Monthly Archives: October 2014

WORKING HARD OR HARDLY WORKING?

I think it’s time to stand up for an increasingly oppressed minority.
Those of us who – whisper it – like to work a lot, a lot.

Recently it seems like every day someone else posts a link on Facebook or Twitter about the cult of overworking and about how it’s so harmful to your health.
Inspiring messages about how on their deathbeds, people never regret spending time with friends and family and always regret spending it in the office, flood social media. It’s all very moving.
Apparently.
I get it. I get that friends and family and stuff are important.
But you know what? I like working.
There, I said it.

There are lots of people I know – some of them extended family – who don’t appear to have actually worked a day in their lives. I feel sorry for them. They’ll never know the sweet, silent satisfaction of rising while the world sleeps, simply because you need several hours run up to the day in order to get everything done. They’ll never understand the feeling of driving home, exhausted and exhilarated at the amount of work you’ve manage to do.

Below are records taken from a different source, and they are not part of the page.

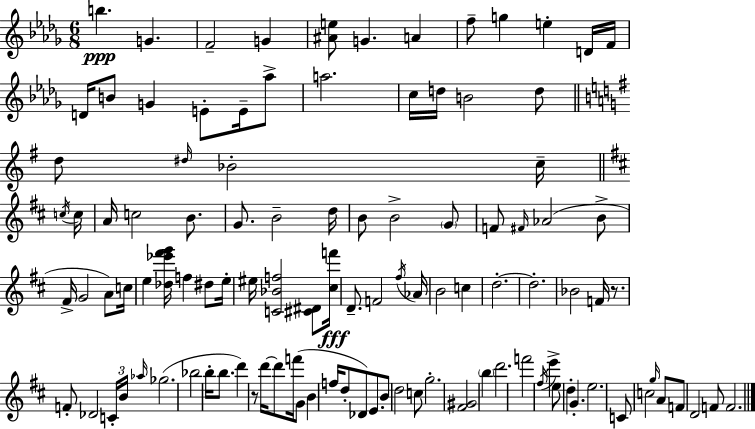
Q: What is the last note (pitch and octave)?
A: F4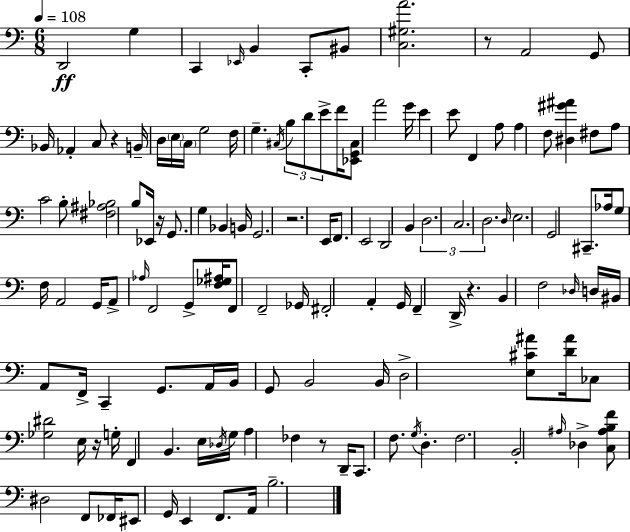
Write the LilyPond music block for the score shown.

{
  \clef bass
  \numericTimeSignature
  \time 6/8
  \key a \minor
  \tempo 4 = 108
  d,2\ff g4 | c,4 \grace { ees,16 } b,4 c,8-. bis,8 | <c gis a'>2. | r8 a,2 g,8 | \break bes,16 aes,4-. c8 r4 | b,16-- d16 \parenthesize e16 \parenthesize c16 g2 | f16 g4.-- \acciaccatura { cis16 } \tuplet 3/2 { b8 d'8 | e'8-> } f'16 <ees, g, cis>8 a'2 | \break g'16 e'4 e'8 f,4 | a8 a4 f8 <dis gis' ais'>4 | fis8 a8 c'2 | b8-. <fis ais bes>2 b8 | \break ees,16 r16 g,8. g4 bes,4 | b,16 g,2. | r2. | e,16 f,8. e,2 | \break d,2 b,4 | \tuplet 3/2 { d2. | c2. | d2. } | \break \grace { d16 } e2. | g,2 cis,8.-- | aes16 g8 f16 a,2 | g,16 a,8-> \grace { aes16 } f,2 | \break g,8-> <f ges ais>16 f,8 f,2-- | ges,16 fis,2-. | a,4-. g,16 f,4-- d,16-> r4. | b,4 f2 | \break \grace { des16 } d16 bis,16 a,8 f,16-> c,4-- | g,8. a,16 b,16 g,8 b,2 | b,16 d2-> | <e cis' ais'>8 <d' ais'>16 ces8 <ges dis'>2 | \break e16 r16 g16-. f,4 b,4. | e16 \acciaccatura { des16 } g16 a4 fes4 | r8 d,16-- c,8. f8. | \acciaccatura { g16 } d4.-. f2. | \break b,2-. | \grace { ais16 } des4-> <c ais b f'>8 dis2 | f,8 fes,16 eis,8 g,16 | e,4 f,8. a,16 b2.-- | \break \bar "|."
}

In the tradition of these inspiring posts about Why You Should Slow Down and Stop Working So Hard, I’ve done my own five point list in praise of working your backside off.

1: There is Nothing like the Feeling of Working Really Hard.
You know you’re at your limit. You know that the deadline is speeding towards you. And you know that when you hit that deadline with all your work done, the rush of adrenaline is going to be awesome.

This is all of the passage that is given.